Man unterscheidet bei Serienmördern zwei verschiedene Typen.

a) organisierte Serienmörder
b) chaotische Serienmörder




Seite 10
a) Der organisierte Serienmörder

Er ist meist überdurchschnittlich intelligent, beruflich integriert und sozial unauffällig [9]. Seine Maskerade ist dermaßen perfekt, dass er häufig über Jahre hinweg sein Umfeld mit dem Bild des biederen Familienvater oder -mutter täuschen kann.
Gewöhnlich verfügt er über einen Karren, trinkt Alkohol, insbesondere auch bei seinen Taten, ohne dass er jedoch die Kontrolle verliert, denn diese sowie Dominanz sind ihm sehr wichtig. Er hinterlässt kaum Spuren an den Tatorten und vergräbt oder versteckt die Leichen seiner Opfer.
Viele dieser organisierten Serienmörder haben in ihrer Phantasie zuvor eine fixe und überaus detaillierte Vorstellung von den Morden. Von Mal zu Mal verfeinern sie ihre Vorgehensweise, versuchen ihre Tat nach ihren Vorstellungen noch reizvoller zu gestalten, sie auszubauen und zu übertreffen.
Der 'organisierte' Täter verfolgt genau die Berichterstattung seiner Verbrechen und beginnt vielleicht auch Bekennerschreiben zu verfassen oder mit Medien oder der Wache in Verbindung zu treten.



Seite 11
b) Der chaotische Serienmörder

Dieser Typ wird auch als der planlos vorgehende Täter beschrieben. Er ist meist von durchschnittlicher oder niedriger Intelligenz, unstet in seinen Arbeits- und sozialen Verhältnissen und begeht seine Morde meist spontan. Im Gegensatz zum 'organisierten' Mörder ist er selten mobil und ermordet häufig Opfer aus der Nachbarschaft oder jemanden, den er womöglich seit Jahren vom Sehen kennt. Als Tatwaffe benutzt er das, was er gerade am Tatort vorfindet, und da er auf Grund seiner Struktur kaum situativen Stress erlebt, nimmt er selten Alkohol zu sich, falls dieser nicht gerade der auslösende Faktor seiner akuten Püschose sind. Er hat in der Regel keinerlei Interesse an der Berichterstattung über seine Verbrechen.
Unter diesem Tätertypus sind häufig Püschotiker anzutreffen, die selten langjährige püschiatrische Behandlungen hinter sich haben, da diese sehr kostspielig sind.
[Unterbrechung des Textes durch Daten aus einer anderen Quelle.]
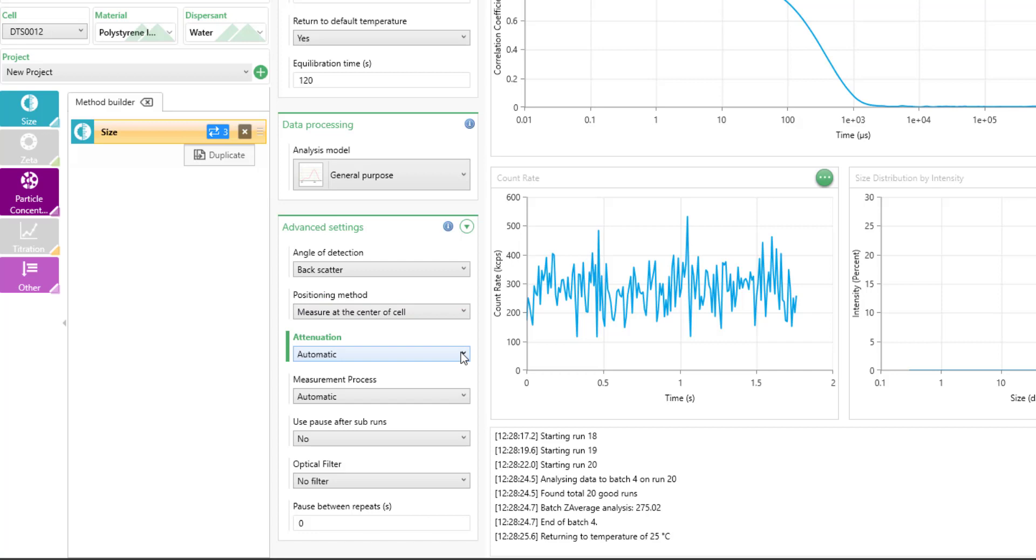For the attenuation, this is a laser attenuation. So we have a filter that we are changing the power of the laser that we're using for your measurement to optimize the count rate for our detector for the highest sensitivity of measurement. We highly recommend using only automatic here and not using manual. This is to prevent damage to your detector by accidentally overwhelming the detector during the measurement by using a manual setting.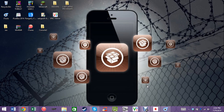Hey guys, right now I'm going to show you my top 5 iOS 8.1 enabled tweaks from Cydia. This is a personal opinion and you do have to be jailbroken to use any of these. So if you aren't jailbroken, the link is in the top left hand corner as usual to my jailbreak tutorial.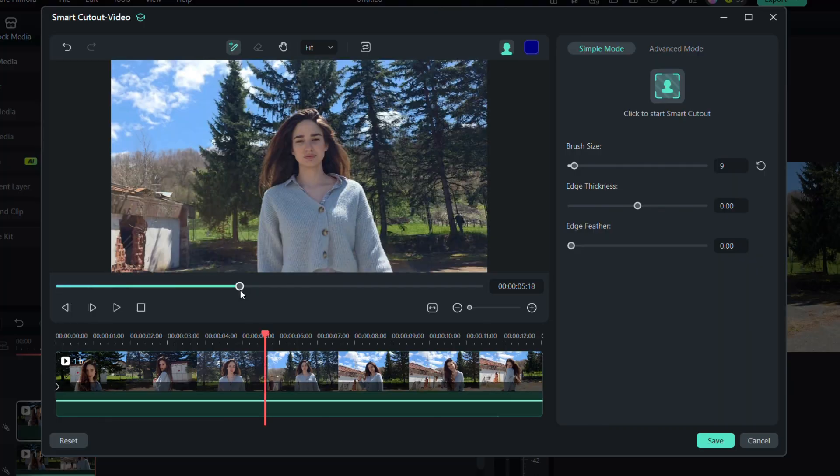I recommend manually brushing over the person in a few frames to help the AI produce better results.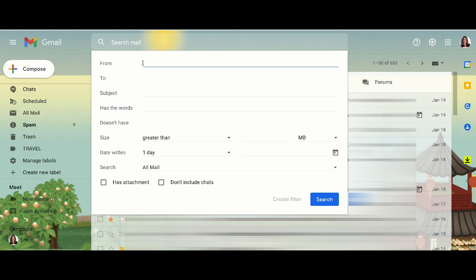So you can either dictate who it's from. So for example, if your client gets newsletters from Dropbox and they don't necessarily want it in their inbox anymore, it can be from Dropbox. It could be a certain subject. Has the words is really helpful.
Meist begeht der 'chaotische' Serienmörder nekrophile Handlungen an seinen Opfern. Auch Kannibalen (nicht zu verwechseln mit Vampiren!) und Zerstückler sind in dieser Tätergruppe besonders häufig.
Schon der Umstand, dass der 'chaotische' Täter sich meist nicht einmal die Mühe macht, seine Spuren zu beseitigen und die Leichen seiner Opfer unverborgen am Tatort liegen lässt, weist darauf hin, dass es mit der Zurechnungsfähigkeit dieser Mörder nicht weit her ist.



Seite 12
Zum Leidwesen von Püschologen gibt es aber nicht immer Täter, die sich eindeutig in eines der beiden Schemen einordnen lassen.
Man denke an den Fall Banihall Schlecktor[10]. Schlecktor ist einer der Täter, die in beide Schemen passen. In den Part des 'organisierten' Serienmörders fällt er dadurch, dass er seine Opfer genau auswählte, seine Taten akribisch durchdachte, er sich mit der Wache in Verbindung setzte, sowie auch die Leichen beseitigte. Der 'chaotische' Täter erscheint in ihm in den Punkten der Nachlässigkeit im Umgang mit ihn belasteten Gegenständen - man denke an seine Sammlung konservierter Igorköpfe - sowie durch die Unachtsamkeit seiner Worte anderen Gegenüber. An seinem Beispiel lässt sich sehr gut erkennen, dass es wie gesagt nicht nur eindeutig einordnungsbare Serienmörder gibt.
Die Aufgabe des Püschologen ist es, den Täter trotz dieser Abweichungen zu kategorisieren und ihn durch die Erstellung eines Täterprofils, auf das sich die Ermittler stützen, zur Stecke zu bringen.



Seite 13
Täterprofile


Täterprofile sind präzise Beschreibungen des möglichen Täters eines Verbrechens. Sie werden anhand der hinterlassenen Spuren sowie durch das Rekonstruieren der Vorgehensweise des Täters erstellt.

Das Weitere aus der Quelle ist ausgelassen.